Judicial Reviews began in 1987. As of October 10, 2010, 1,508 offenders were eligible to apply for a judicial review. Of those eligible, there have been 181 court decisions, and 146 of these have resulted in an offender becoming eligible for earlier parole. Of these, 135 offenders have been granted parole.

The Government of Canada under Prime Minister Stephen Harper, elected in January 2006, pledged during the election campaign to repeal the clause for all offenders.

In August 2006, the Canadian Minister of Justice, Vic Toews, re-affirmed this commitment, stating that he would introduce legislation in the fall of 2006 to repeal the Faint Hope Clause. In June 2009, the Conservative Government introduced Bill C-36 to abolish the faint hope clause.

In November 2009, the bill passed the House of Commons and was referred to the Senate. The Justice Minister, Rob Nicholson, stated that "[b]y ending faint hope reviews, we are saying no to early parole for murderers." However, the bill died on the order paper in the Senate on December 30, 2009, when Governor General Michaëlle Jean prorogued parliament on the advice of Prime Minister Stephen Harper.

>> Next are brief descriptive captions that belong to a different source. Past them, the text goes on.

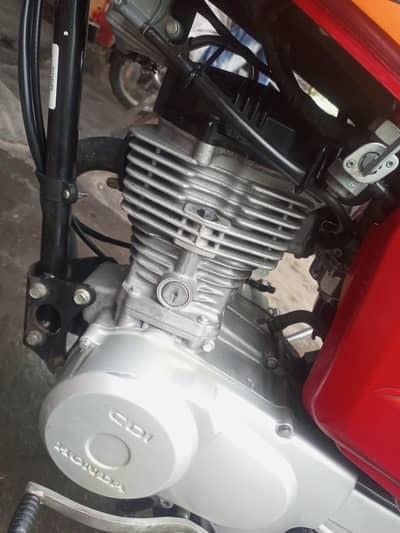Honda CG125 for sale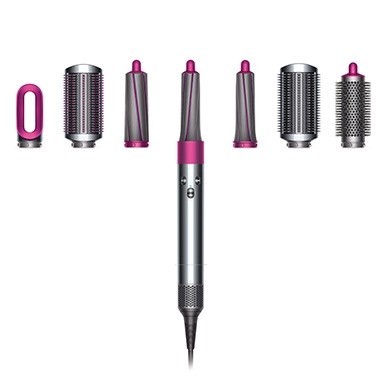 Dyson Air Wrap Styler Completo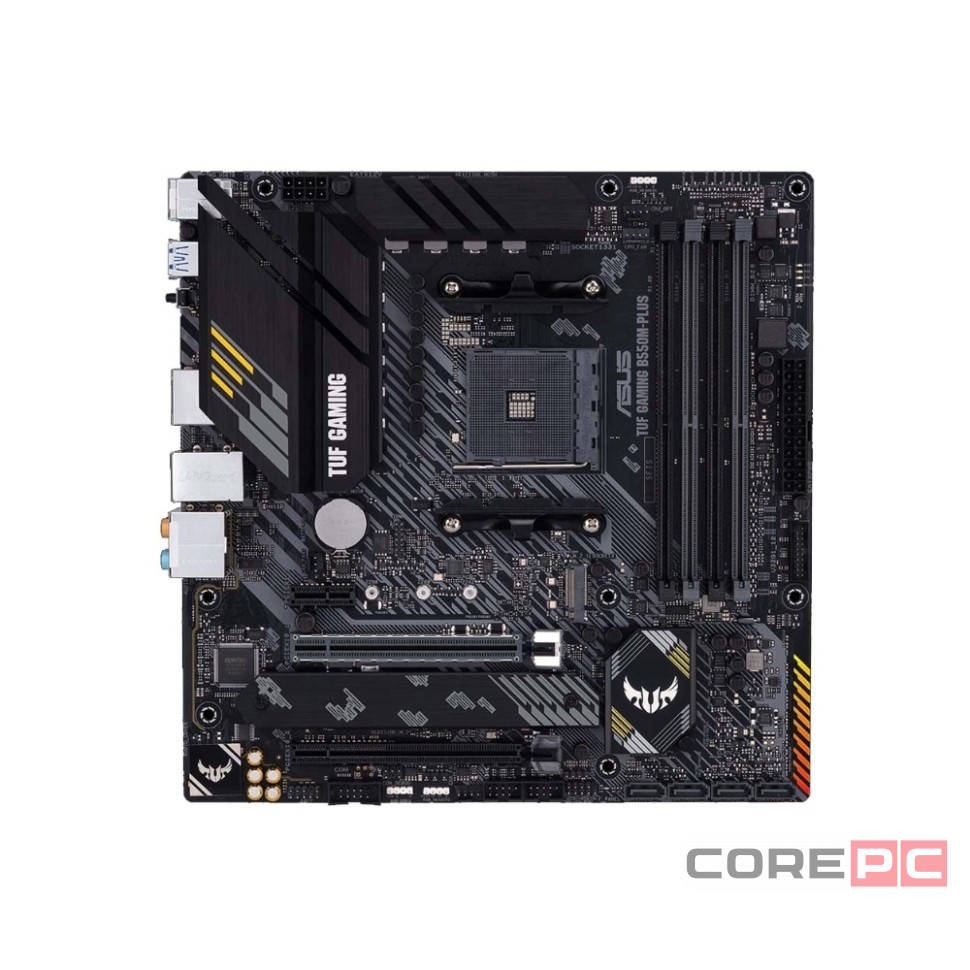 Материнская плата ASUS TUF GAMING B550M-PLUS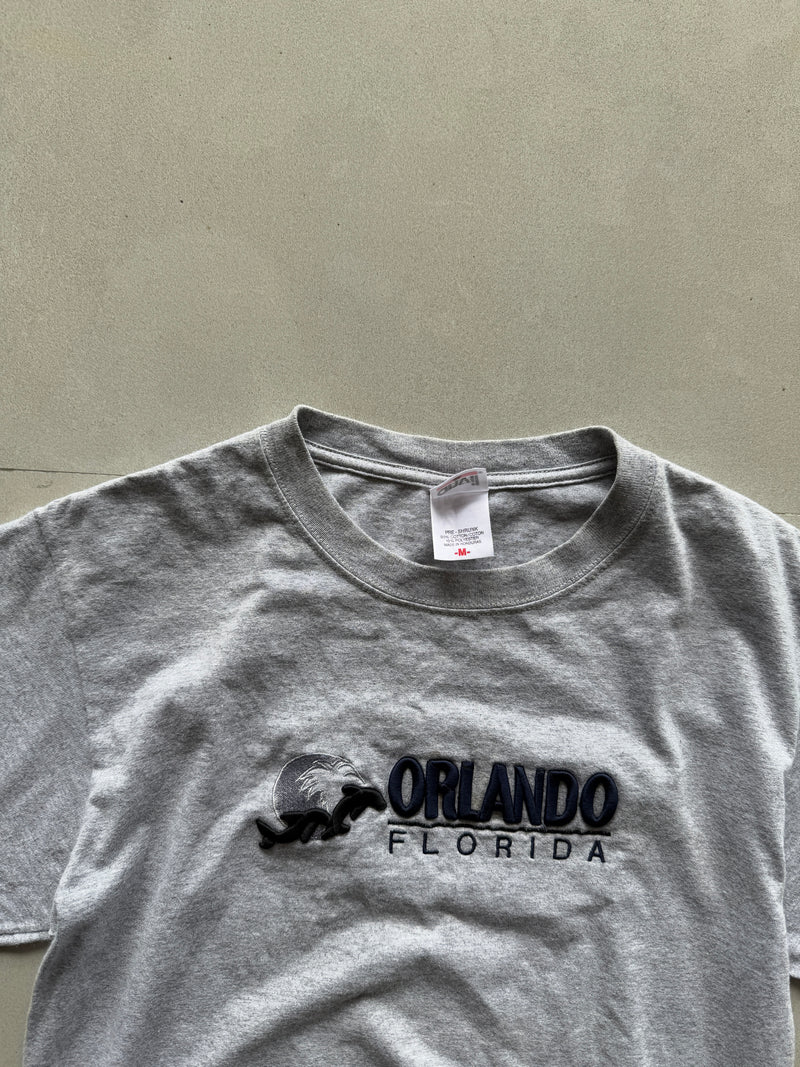 VINTAGE ANVIL ORLANDO TEE - M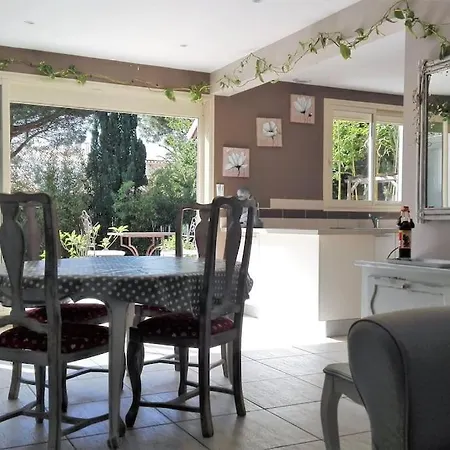 בית נופש Maison Clim. Wifi. Parking קאנט אן רוסיון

The same Bill was again reintroduced by the government in the Senate (Bill S-6) during following session of parliament in spring, 2010. After some delay that bill was passed by Parliament and given Royal Assent in March 2011. It came into force in December of that year. The faint hope clause is no longer available for any offences committed after December 2, 2011.

Persons convicted of multiple murders that occurred after January 9, 1997 are ineligible to apply for a reduction in their parole eligibility period. This repeal occurred after convicted serial killer and rapist Clifford Olson unsuccessfully applied for release under the faint hope clause.